(Entries provided):
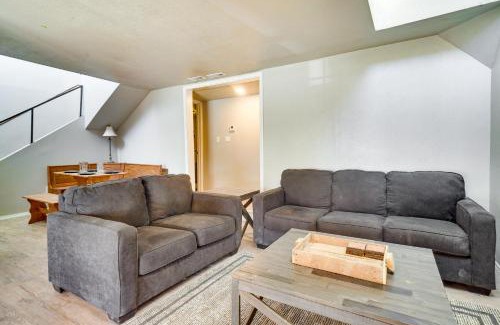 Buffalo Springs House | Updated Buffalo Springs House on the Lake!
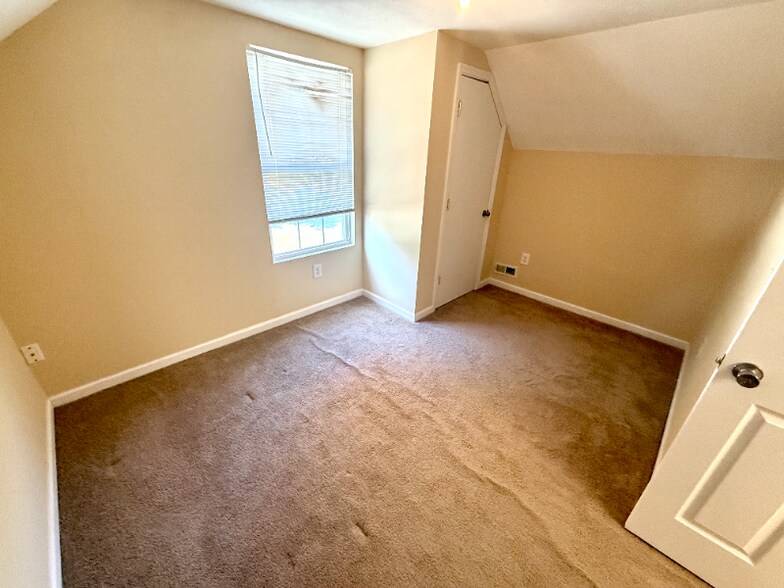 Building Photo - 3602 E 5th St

==

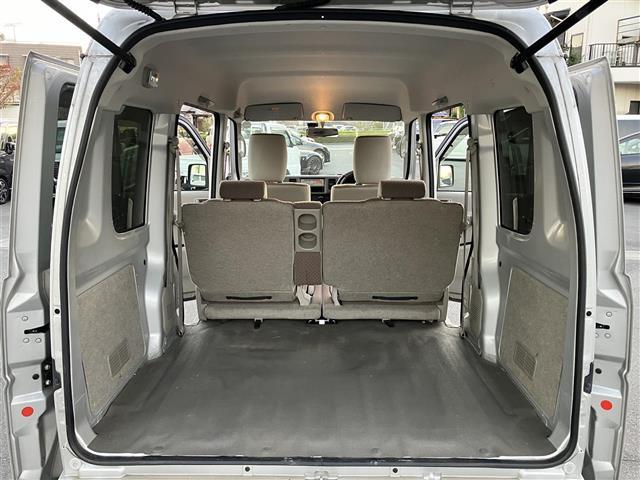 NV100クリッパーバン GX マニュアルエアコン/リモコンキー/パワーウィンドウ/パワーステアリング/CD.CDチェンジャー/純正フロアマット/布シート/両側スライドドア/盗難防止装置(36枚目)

--

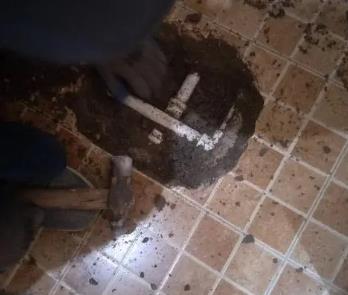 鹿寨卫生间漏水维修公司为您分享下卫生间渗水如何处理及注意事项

(Goal of the exercise):
What belongs in the answer is each line above from the line with "Buffalo Springs House |" to the line with "Building Photo - 3602 E 5th St", inclusive, reproduced exactly and free of pictures.

(Problem solution):
 Buffalo Springs House | Updated Buffalo Springs House on the Lake!
 Building Photo - 3602 E 5th St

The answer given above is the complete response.